Dupla was stressing "constant conditions" and were willing to employ lots of
expensive technology to provide that level of consistency (like constant
monitoring of pH to ensure consistent CO2 levels). I don't know how
necessary this is in an aquarium - even in nature, pH fluctuates on a daily

>>"Another better method would be to prepare a daily or a 24 hour
>>like fish food, consisting only of the "critical" nutrients and to ad it

"(!) Which suggest that weekly doses isn't the way to go, or am I
missing something?"

Dupla was referring to providing a consistent level of nutrients like iron,
which can oxidize relatively quickly in an aquarium. Provided the iron (and
other oxidizable metals) is chelated correctly, it ought to stay in solution
for a few days, and thus available to the plants. Dupla's approach is an
effort to stay away from the roller coaster nature of supply and demand if
nutrients are only introduced in large amounts infrequently. Again, with
properly chelated micronutrients, this is probably not so much of an issue
in an aquarium.

""I add every 2-3 days the following: KNO3, PO4 source, and a trace mix(TMG,
SeaChem flourish etc). Weekly I don't get nearly as good results I feel."

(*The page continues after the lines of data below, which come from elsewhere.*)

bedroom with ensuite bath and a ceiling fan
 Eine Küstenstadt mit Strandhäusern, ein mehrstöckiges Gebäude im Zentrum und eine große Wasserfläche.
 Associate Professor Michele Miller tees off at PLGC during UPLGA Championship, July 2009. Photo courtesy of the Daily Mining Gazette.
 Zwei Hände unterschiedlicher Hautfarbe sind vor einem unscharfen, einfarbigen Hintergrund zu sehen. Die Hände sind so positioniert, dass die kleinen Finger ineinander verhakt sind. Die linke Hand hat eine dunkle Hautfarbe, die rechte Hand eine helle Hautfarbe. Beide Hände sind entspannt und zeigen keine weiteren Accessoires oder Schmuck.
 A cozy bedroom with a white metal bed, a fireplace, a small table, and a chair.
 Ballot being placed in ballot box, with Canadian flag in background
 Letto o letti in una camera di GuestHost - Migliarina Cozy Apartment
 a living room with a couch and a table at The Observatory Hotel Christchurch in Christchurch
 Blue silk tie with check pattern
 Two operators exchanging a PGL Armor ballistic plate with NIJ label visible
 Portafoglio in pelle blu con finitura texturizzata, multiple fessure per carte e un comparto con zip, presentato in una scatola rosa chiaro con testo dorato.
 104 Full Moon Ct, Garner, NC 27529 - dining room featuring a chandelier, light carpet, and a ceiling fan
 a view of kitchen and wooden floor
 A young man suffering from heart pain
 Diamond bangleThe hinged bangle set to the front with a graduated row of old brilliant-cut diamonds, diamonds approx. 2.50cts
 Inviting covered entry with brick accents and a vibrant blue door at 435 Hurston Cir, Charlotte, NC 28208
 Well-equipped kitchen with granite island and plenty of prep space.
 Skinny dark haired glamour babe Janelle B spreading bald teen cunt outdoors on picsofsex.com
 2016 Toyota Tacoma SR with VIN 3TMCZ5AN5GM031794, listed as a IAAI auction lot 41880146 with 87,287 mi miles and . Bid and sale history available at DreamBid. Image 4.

I don't think you need to worry about the chelation of nutrients like K+,
NO3-, HPO4--. The TMG you use already HAS a chelating agent in it, which
will keep the micronutrients it contains in an available form for several
days without much problem and while Seachem products don't contain EDTA,
they are formulated with ferrous gluconate which will keep the iron
available for a while.

When you say that you are dosing every couple of days and you "feel" that
you are getting better results than if you only dosed weekly - have you
tried both methods and seen better growth in your tanks using the more
frequent schedule? If you have seen better growth in YOUR tanks using this
method, what are you worried about. You want to learn what works for YOU,
not what works for me or Tom Barr or anyone else. Use other people's advice
as a guide only.

"The reason for my concern about nutrient oxidization is that I dose(d)
weekly and
the results were pretty good, but the last two weeks I have dosed TMG two or
three times every week and the results seems to have improved."

Two weeks isn't long enough to form any sort of valid opinion, one way or
the other. Relax, sit back, continue to do what you are doing, and watch
your tank over several months. Maybe take a series of pictures of your tanks
over that period and then compare them. After about six months you ought to
have a feel for how YOUR tank is reacting.